Recently there was a discussion about how Linux cell phones are basically DOA, and within that discussion was a thread on a stable driver interface in Linux. Rather than respond to every comment as to why this is a bad idea, I figured I would just post the original response to this request for a stable driver API which was put together the first time people noticed it was hard to ship binary drivers for Linux:
Let me just point out that this approach *works* and *has worked* quite well for quite sometime. These days, when I buy a new piece of hardware, I throw out the driver CD without even looking at it. I plug in the hardware to my Linux box fully expecting it to work; if it doesn't, I figure it's broken. Occasionally, it's not broken hardware but rather I have made a mistake and invested in a piece of hardware from a company that has not seen the light and open sourced their drivers. I make a point never to buy from that company again, and I get a refund for the hardware. I might point out that this is a very rare occurrence. Most of the time there is support for hardware out of the box under Linux - no driver CDs, no install and no reboot required - just plug and go.

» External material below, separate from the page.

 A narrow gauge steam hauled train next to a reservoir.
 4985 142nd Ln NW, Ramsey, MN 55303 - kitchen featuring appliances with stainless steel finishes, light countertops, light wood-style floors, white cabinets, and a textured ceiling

Implementing a stable API for drivers would lead to bloat, insecurity and instability; we've seen it happen in Windows, and even starting to happen with binary drivers under Linux! The technical argument is that Linus (and his kernel devs) reserve the right to rip out or reimplement anything they please in the kernel, with no regard whatsoever to backwards compatibility. This model has worked very well so far, as evidenced by the fact that you can plug in 99% of hardware into a Linux box and have it just work, no driver CD, download or install required.
Still, some people argue this is a political issue, not a technical one. I would agree, on one point: the hardware vendors are the ones making this a political issue. By refusing to release their source code, they limit how well their device can be supported. For what purpose do they need to keep their drivers closed? They sell hardware, not software, therefore they don't even have an economical reason. The arguments for releasing source are legion: support in ALL distros on ALL architectures by default; more stable and better tuned drivers; no need to ship driver CDs; no worry about having to support your drivers as they are now in the kernel, etc. I can think of no reason other than petty greed to keep drivers closed. And it's greed that doesn't even function properly at that, as it doesn't gain the greedy companies anything.
Is there any *technical* reason to keep drivers closed source? Please elucidate, and remember that even if there is, it must somehow outweigh all the benefits of having the same driver as an open source driver in the kernel in order to argue that there should be a stable driver API. This isn't an ideological, or even political issue; open source drivers have been shown *in practice* to work better, and provide all of the benefits I've listed. Why should we throw out one model that works for one that has been shown to not work nearly as well?